Aim of the exercise:
What are the lines below, starting at the line containing "Simili Cuir Smart" and ending at the line containing "1.52 ctw Yellow"? Write them out exactly, ends included, without pictures.

Data records:
::::

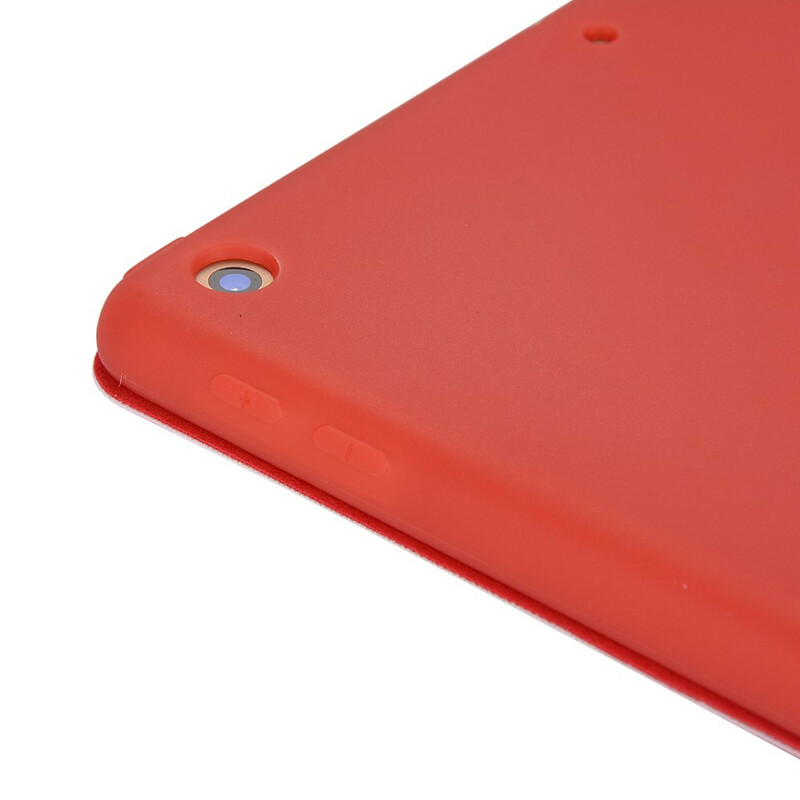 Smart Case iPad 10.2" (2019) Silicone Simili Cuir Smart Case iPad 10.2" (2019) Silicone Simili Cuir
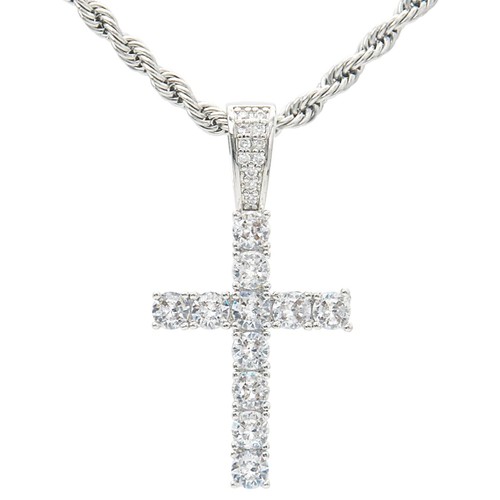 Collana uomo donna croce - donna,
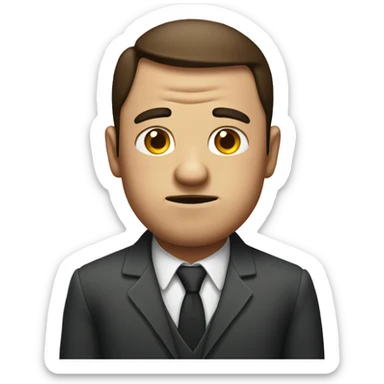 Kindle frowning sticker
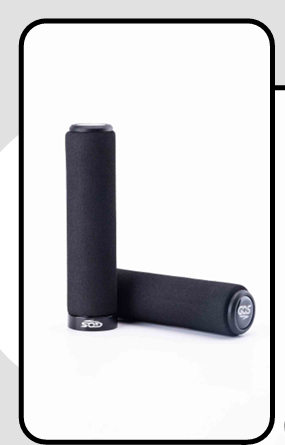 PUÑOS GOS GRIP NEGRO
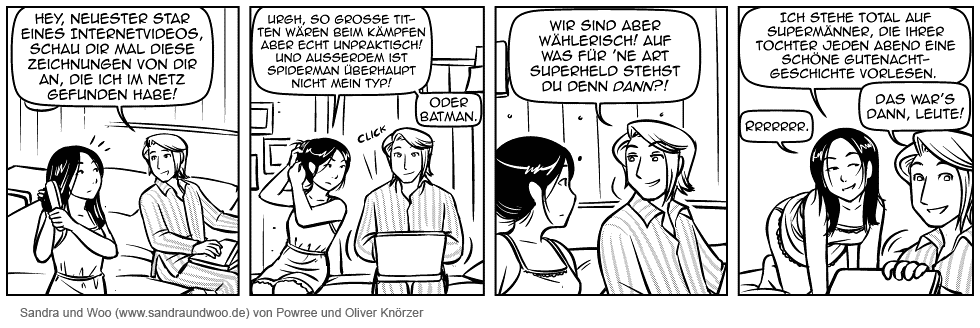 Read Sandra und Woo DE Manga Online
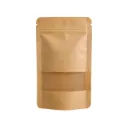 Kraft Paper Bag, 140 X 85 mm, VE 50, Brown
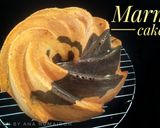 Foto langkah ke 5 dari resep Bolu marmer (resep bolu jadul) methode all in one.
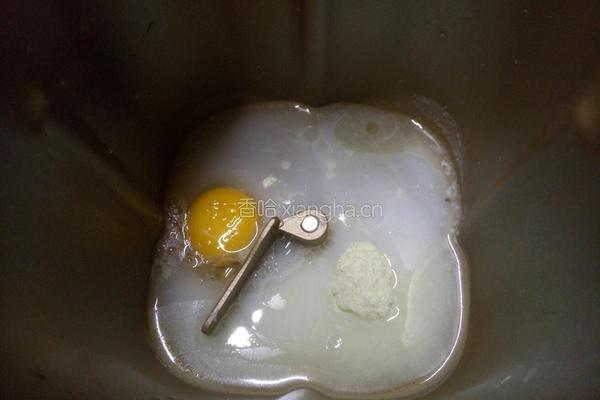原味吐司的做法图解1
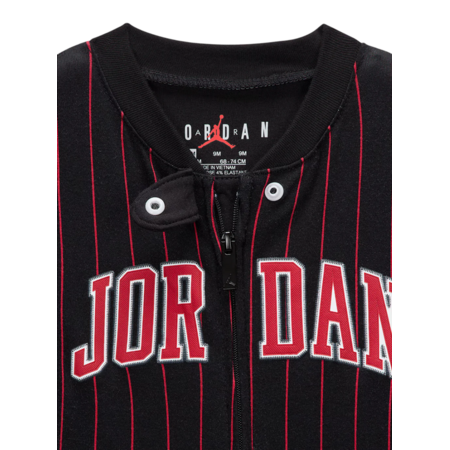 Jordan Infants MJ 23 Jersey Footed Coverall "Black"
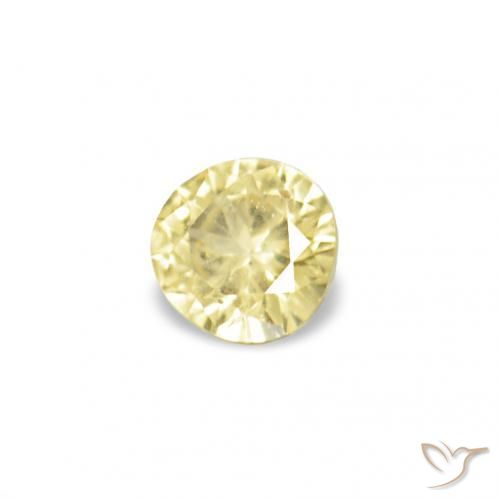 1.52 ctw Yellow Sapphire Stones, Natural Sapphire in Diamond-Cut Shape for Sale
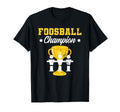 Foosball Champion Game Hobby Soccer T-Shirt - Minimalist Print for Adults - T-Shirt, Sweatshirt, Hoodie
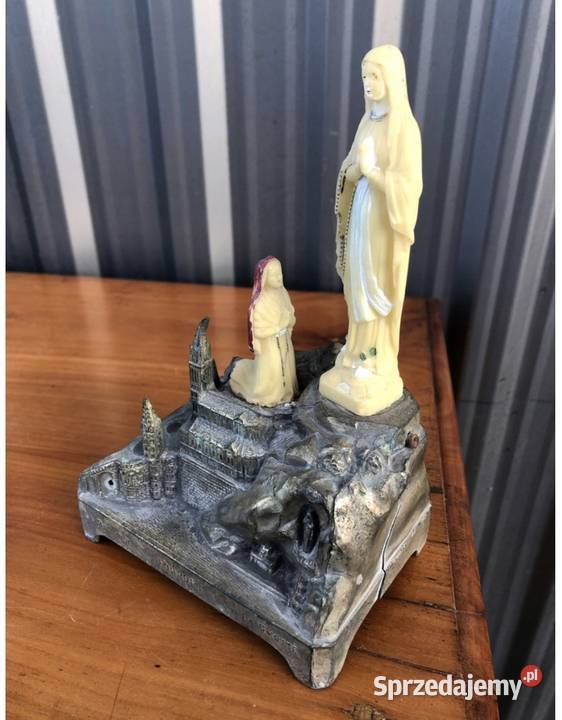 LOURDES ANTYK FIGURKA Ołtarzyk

::::

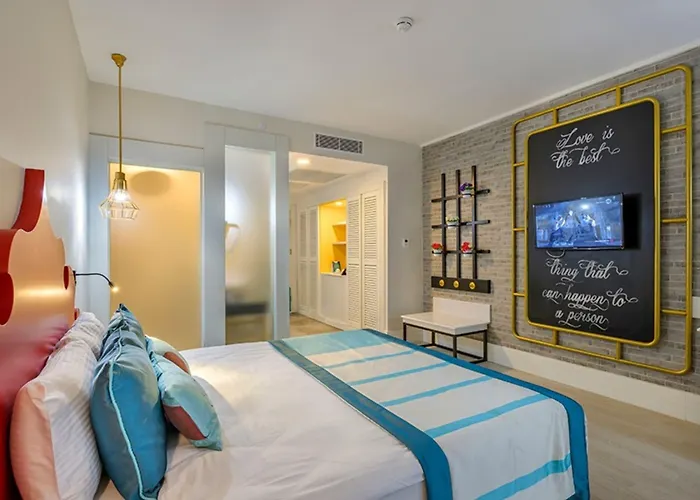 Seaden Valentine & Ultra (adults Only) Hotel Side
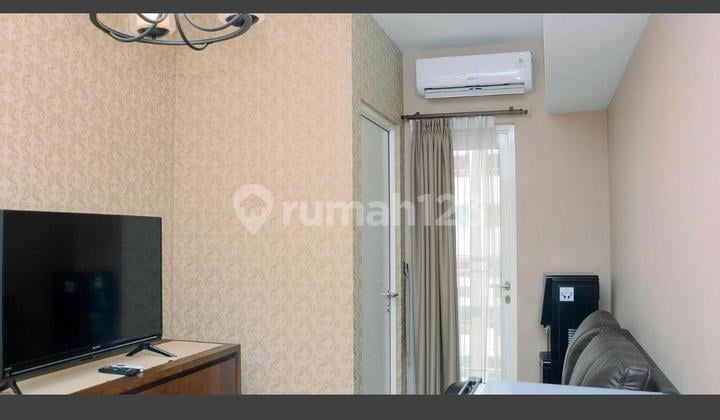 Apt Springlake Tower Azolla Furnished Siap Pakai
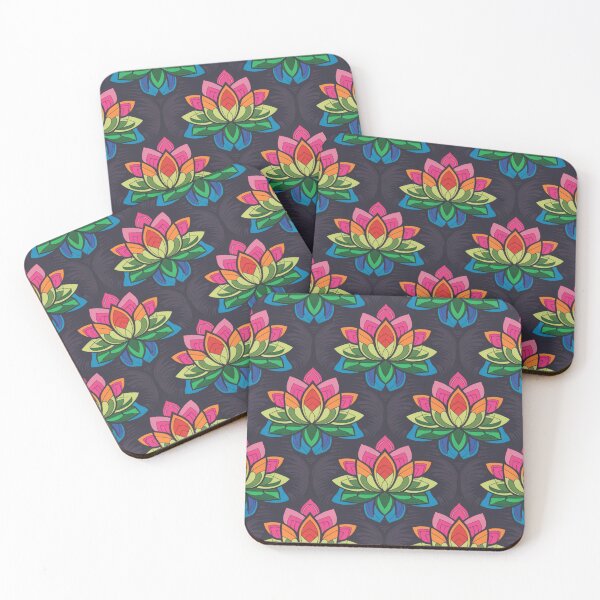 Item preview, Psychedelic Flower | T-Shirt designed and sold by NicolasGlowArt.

::::

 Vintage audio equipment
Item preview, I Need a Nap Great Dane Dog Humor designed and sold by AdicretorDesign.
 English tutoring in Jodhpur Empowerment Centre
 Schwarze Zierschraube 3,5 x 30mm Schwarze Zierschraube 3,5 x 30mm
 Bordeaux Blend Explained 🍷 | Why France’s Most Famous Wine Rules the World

::::

Response area:
 Smart Case iPad 10.2" (2019) Silicone Simili Cuir Smart Case iPad 10.2" (2019) Silicone Simili Cuir
 Collana uomo donna croce - donna,
 Kindle frowning sticker
 PUÑOS GOS GRIP NEGRO
 Read Sandra und Woo DE Manga Online
 Kraft Paper Bag, 140 X 85 mm, VE 50, Brown
 Foto langkah ke 5 dari resep Bolu marmer (resep bolu jadul) methode all in one.
原味吐司的做法图解1
 Jordan Infants MJ 23 Jersey Footed Coverall "Black"
 1.52 ctw Yellow Sapphire Stones, Natural Sapphire in Diamond-Cut Shape for Sale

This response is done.